The Swiss findings conflict with other research published by the French news magazine L'Express last week.
In that study, Bernard Gautheron, director of the phonetic testing laboratory at the Institute of Linguistics and Phonetics in Paris, concluded there was a "very strong probability" that the al-Jazeera tape was genuine.
But researchers at the Dalle Molle Institute for Perceptual Artificial Intelligence, in Lausanne, believe the message was recorded by an impostor.
In a study commissioned by France 2 television, researchers built a computer model of Bin Laden's voice, based on an hour of genuine recordings.
Using voice recognition systems being developed for banking security, they tested the model against 20 known recordings of Bin Laden. The system correctly identified his voice in 19 of them.
This meant there was only a 5% risk of error in their conclusion that the latest tape is a fake, Professor Hervé Bourlard, the institute's director, told the Guardian yesterday. "It's an automatic system but it's very sensitive," he said. "It picks up things the human ear doesn't pick up."
He agreed that the sound quality of the recent tape was poor but added: "Many of our 20 [test] recordings were also of poor quality. Some were very good, some very bad, but our results were all positive except in one case."
Prof Bourlard, a voice recognition expert, is the author or joint author of 150 research papers and two books, and has worked extensively with the International Computer Science Institute at Berkeley, California.http://www.guardian.co.uk/world/2002/nov/30/alqaida.terrorism
This conclusion was subsequently used by many 9/11 researchers to support the idea that bin Laden may be dead, the US were producing fake tapes to justify the "War on Terror", and so on. Although for some reason the Paris analysis, saying there was a "very strong probability" that the tape was genuine, got rather less attention. And that's odd, because this was also a detailed study, and the experts involved don't appear convinced by the IDIAP methodology:
The Lausanne-based Dalle Molle Institute for Perceptual Artificial Intelligence (IDIAP) claims it was recorded by an impostor.
The review of the tape, which was first aired on November 12 by the Arabic television network, Al-Jazeera, was commissioned by the French television channel, France 2.
However, having compared the most recent tape with 20 previous recordings attributed to bin Laden, the IDIAP claims the voice is not that of the al-Qaeda leader.
Professor Hervé Boulard, the institute’s director, told France 2 that he was 95 per cent certain that “it has not been recorded by bin Laden”.
The IDIAP, which is affiliated to the Federal Institute of Technology in Lausanne and the University of Geneva, said the risk of error was just five per cent.
The voice on the tape praises recent attacks against Western targets including the siege of a Moscow theatre by Chechen rebels, the bombing of a French oil tanker off the coast of Yemen, and the Bali bombing.

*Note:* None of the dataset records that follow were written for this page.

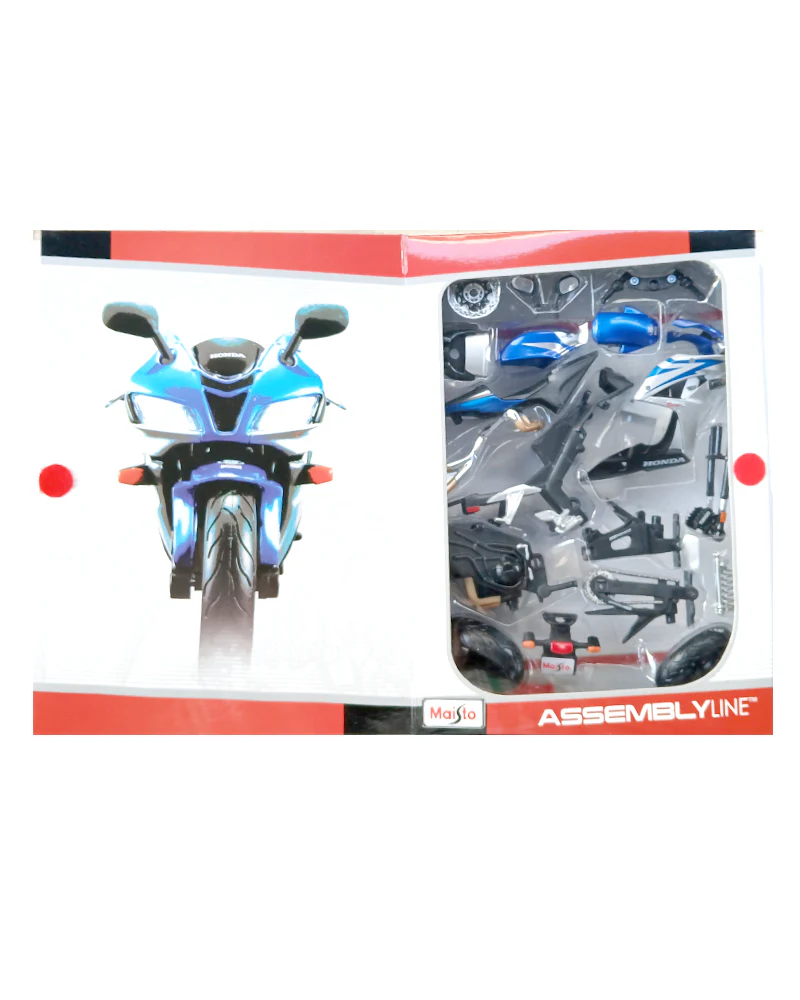 Maisto Assembly Line Metal Model Kit Honda CBR 600 RR - Silver / Blue (28 Pcs.) (1:12 Scale) - Image 3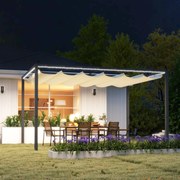 Pérgola de Alumínio 4x3 m Pérgola de Jardim com Luzes LED Solares Teto Retrátil Impermeável Anti-UV  Creme e Cinzento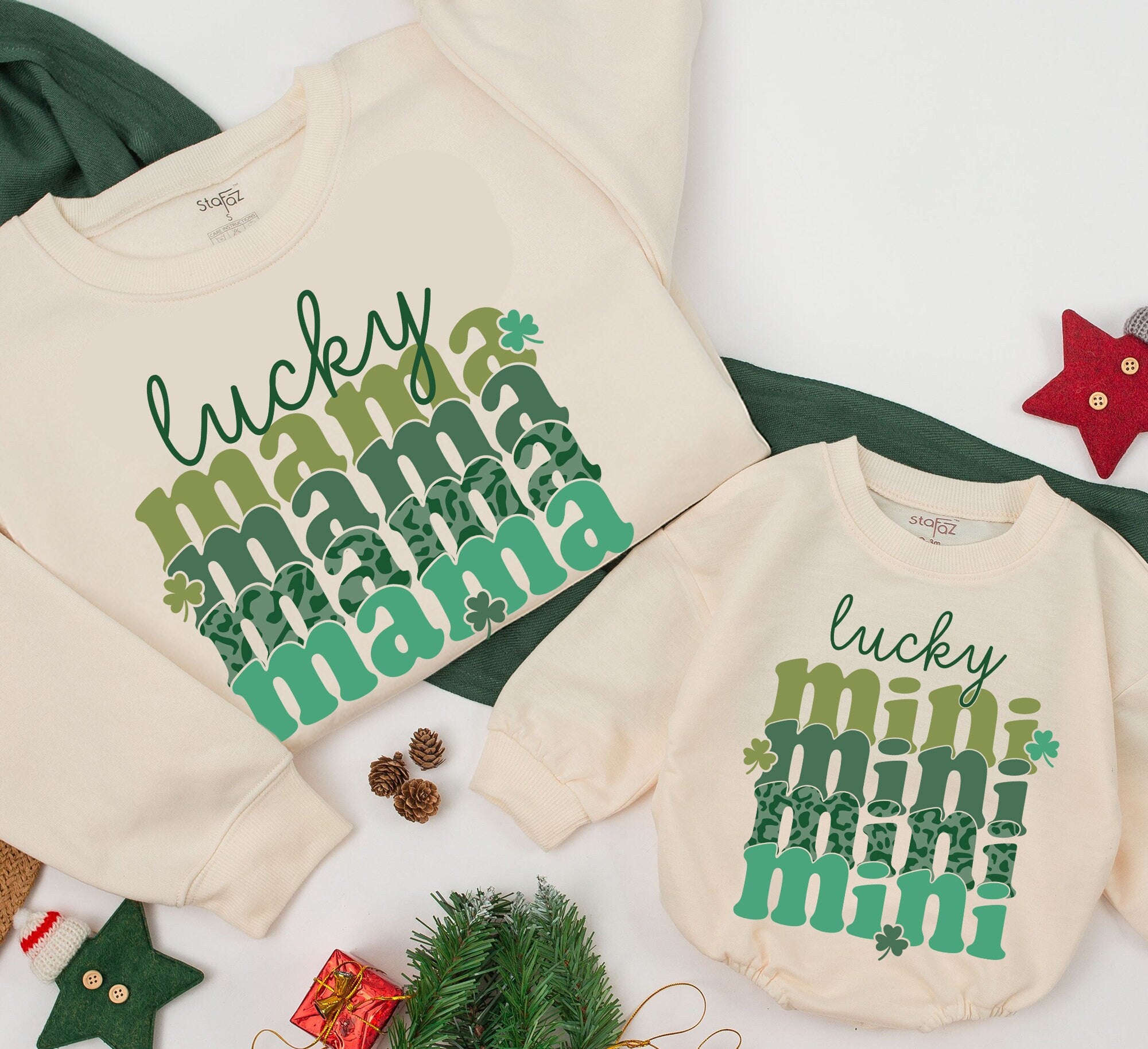 Personalized Lucky Mama Mini Sweatshirts St Patrick's Day Mommy Daughter Matching Outfit Shamrock Design Cotton Soft Gift Baby Toddler
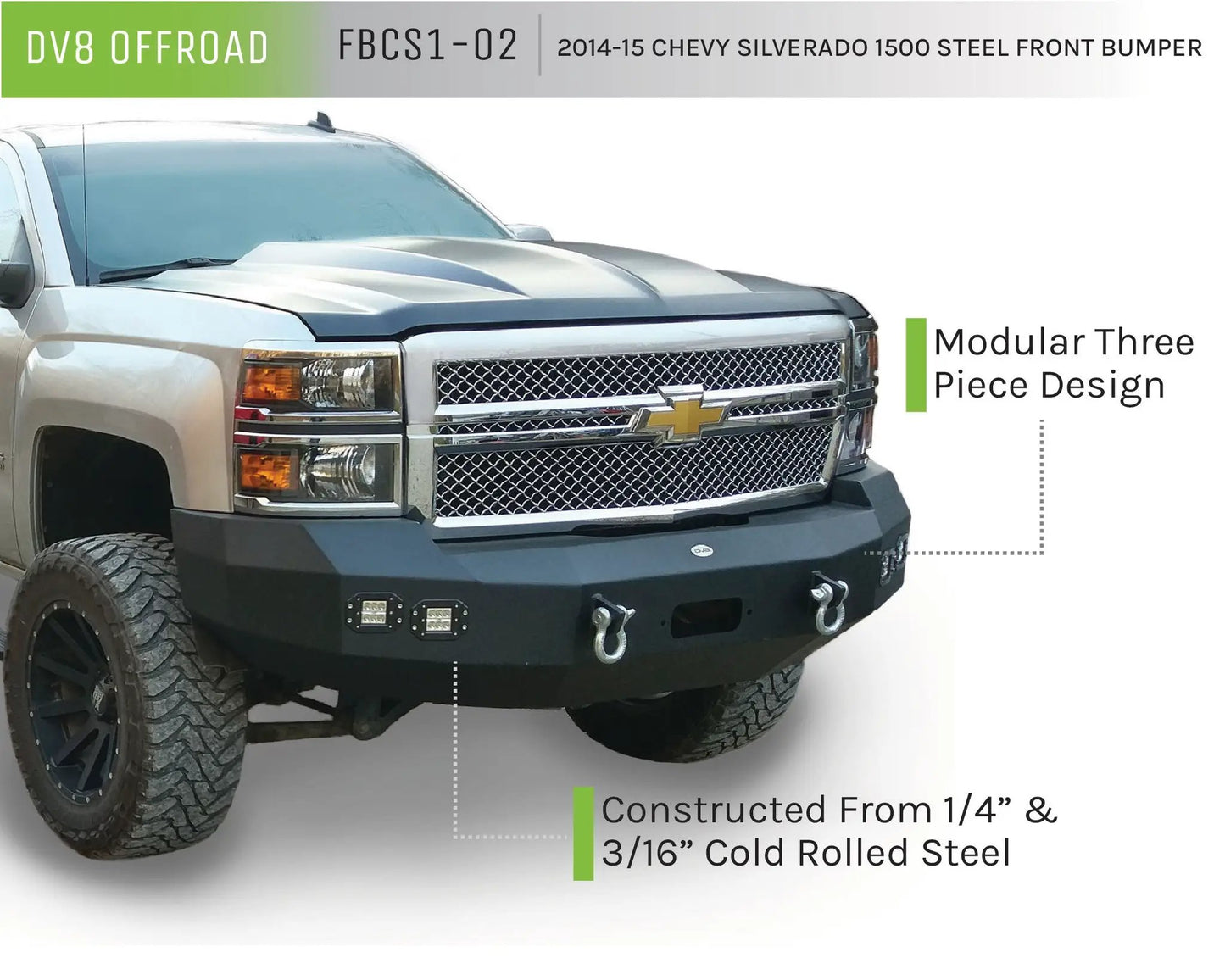 DV8 Offroad 14-15 Chevy Silverado 1500 Truck Front Full Size Bumper by DV8 Offroad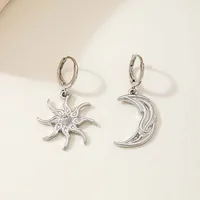 Bohemian Gold Color Sun Moon Dangle Earrings For Women Fashion Creative Metal Asymmetrical Abstract Star Earings Jewelry - Image 5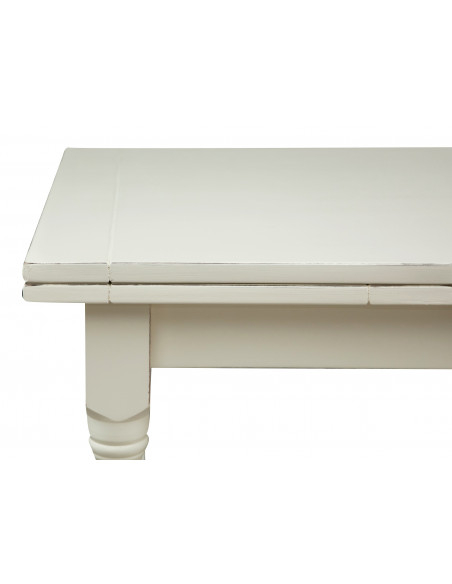 Shabby mesa extensible en madera blanca: detalle lateral. Por Biscottni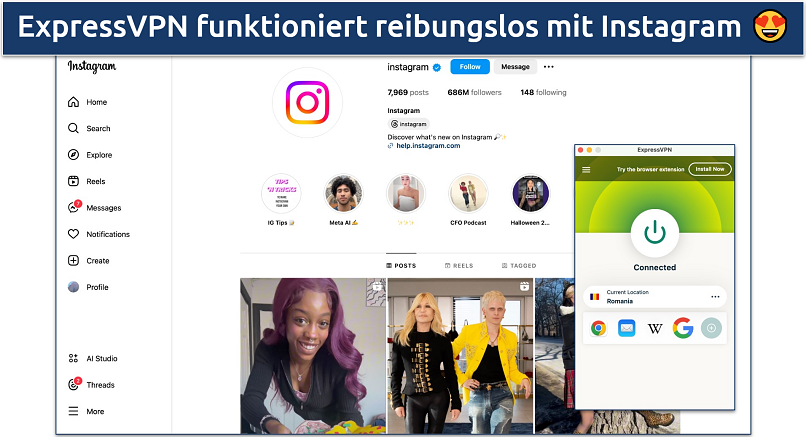 Screenshot of Instagram's website with ExpressVPN connected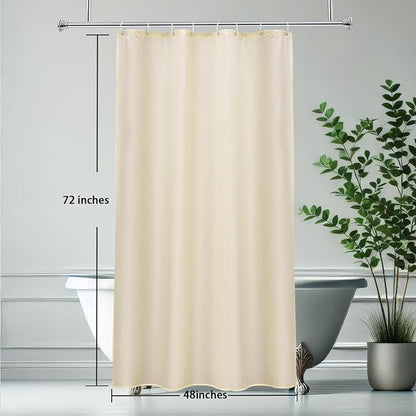AooHome Fabric Polyester Shower Curtain, Small Size Bathroom Curtain for Hotel, Weighted Hem, Water Repellent, Beige, 48 x 72 Inch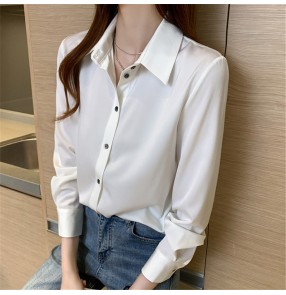 Spring Korean style white chiffon office shirt for female all-match commuting Long sleeve white blouses women work shirt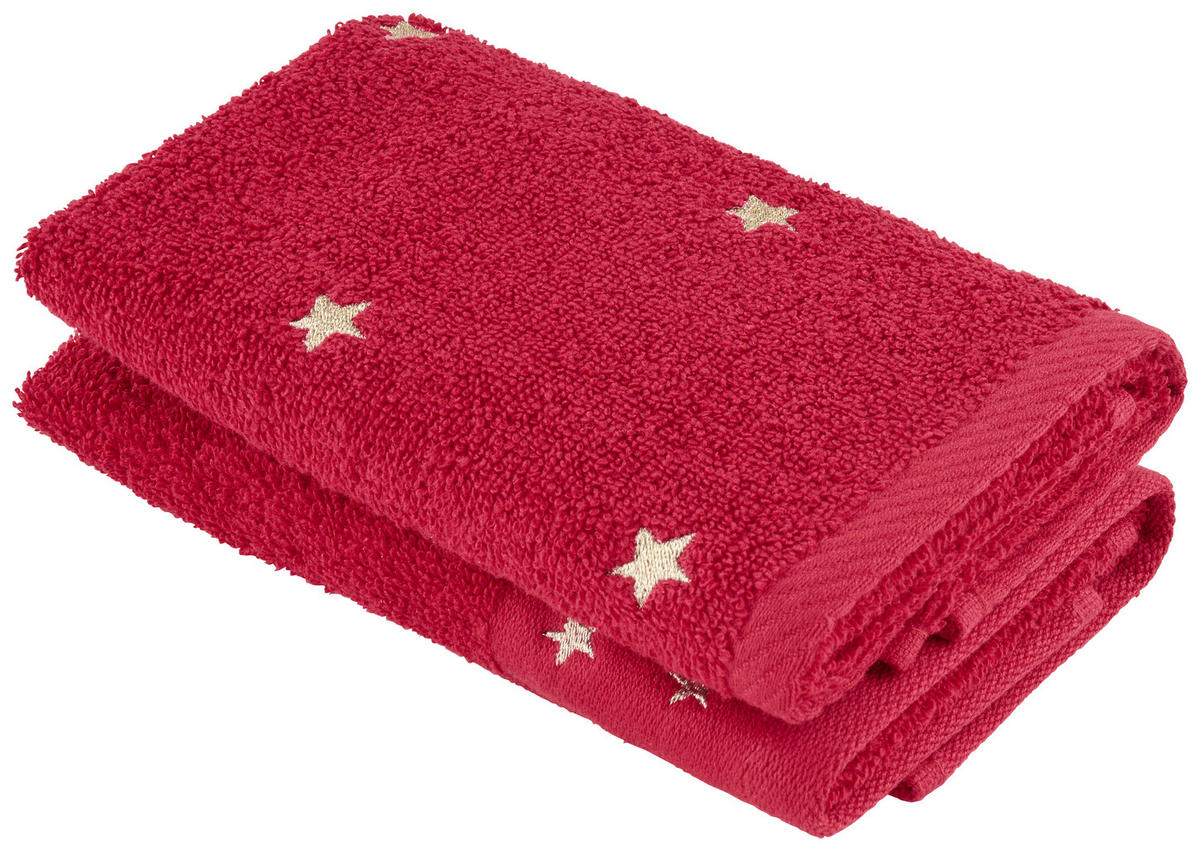 GÄSTETUCH Rot, Goldfarben 2-teilig 30/50 cm  - Rot/Goldfarben, Konventionell, Textil (30/50cm) - X-Mas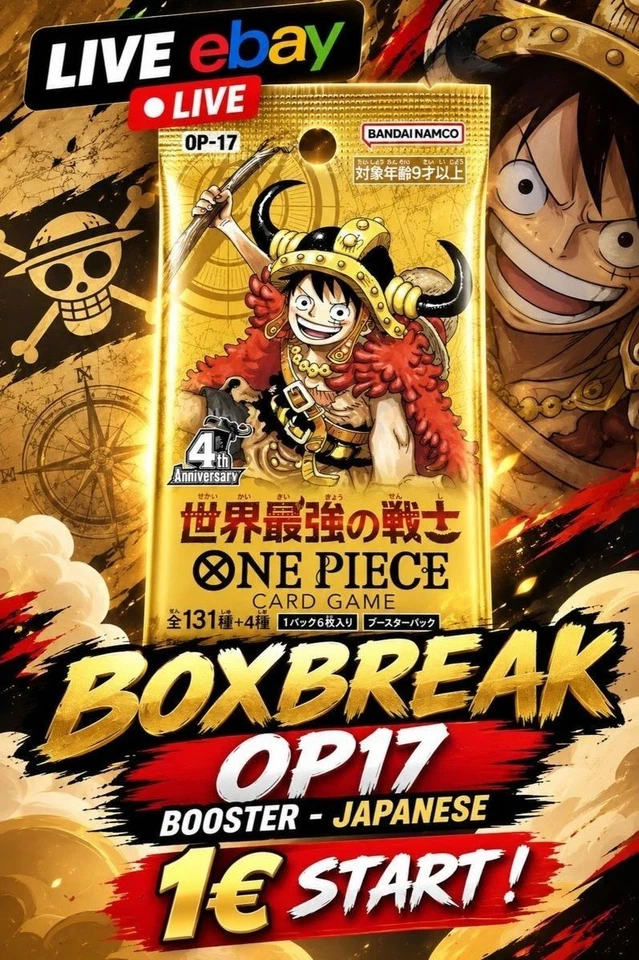 HUGE ONE PIECE OP 17 BOXBREAK JAPANESE 1 EURO START BOOSTER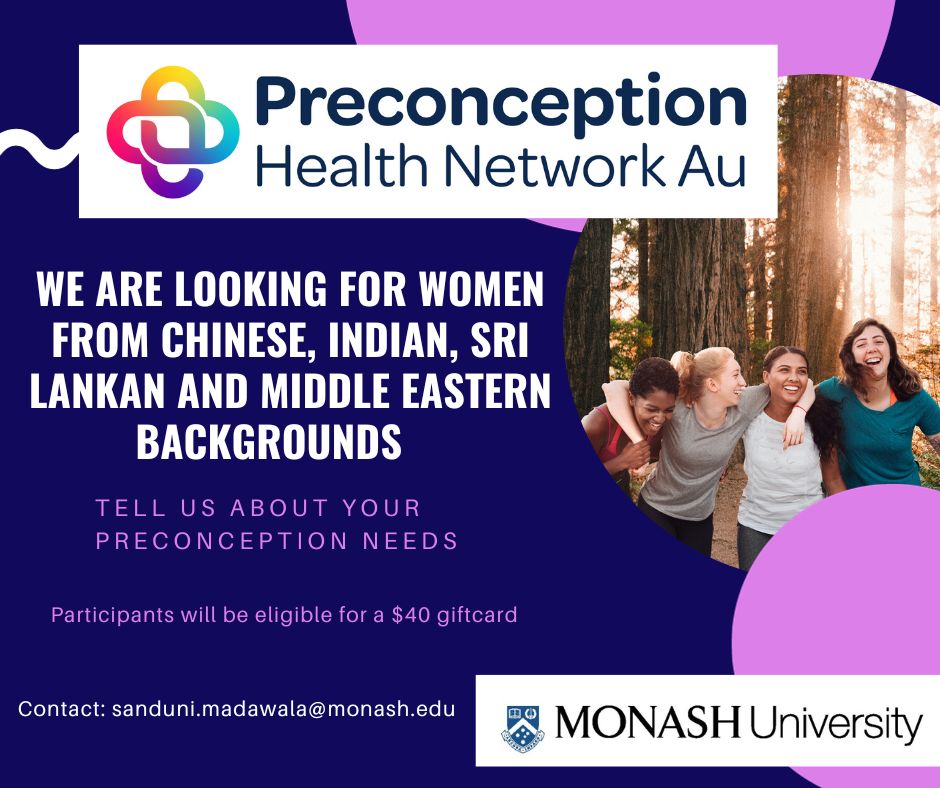 asvini06's tweet photo. We are looking for consumers to help us better understand preconception health needs of women from migrant and refugee backgrounds. Please get in touch if you or someone you know may be interested in participating @PreconceptionAu https://t.co/yE0hMwZtXb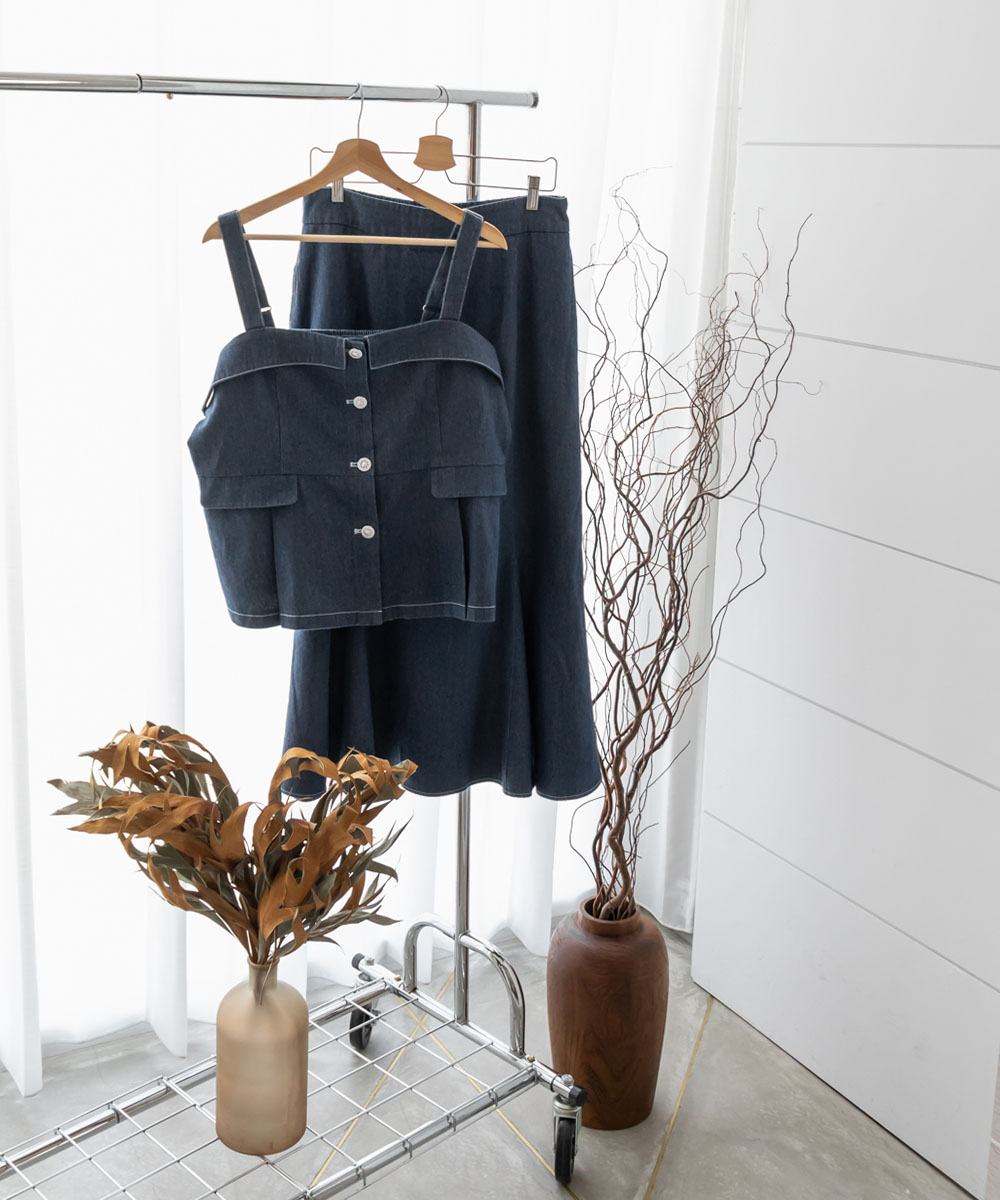 デニムビスチェ＆スカートセットアップ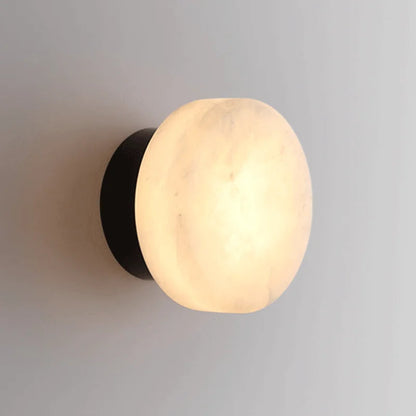 Elegant Marble Wall Sconce Lighting with Soft LED Glow | Modern Design for Cozy Living Spaces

The speaker also warns America’s allies – particularly Britain, France, Italy, Canada, Germany and Australia – that they will also be targeted if they continue to back the US.
At the time of the tape’s appearance, officials in the United States concluded that it was “probably” bin Laden speaking. They said it was the clearest evidence yet that bin Laden had survived the US-led bombing in Afghanistan.
Rival study
The Swiss findings, however, are in direct contrast to voice recognition tests commissioned by the weekly French news magazine, “L’Express”.
The magazine asked two experts to examine the tape: Bernard Gautheron, director of the phonetic testing laboratory at the University of Paris’s Institute of Linguistics and Phonetics; and Olivier Fiani, a translator and expert on Middle East affairs.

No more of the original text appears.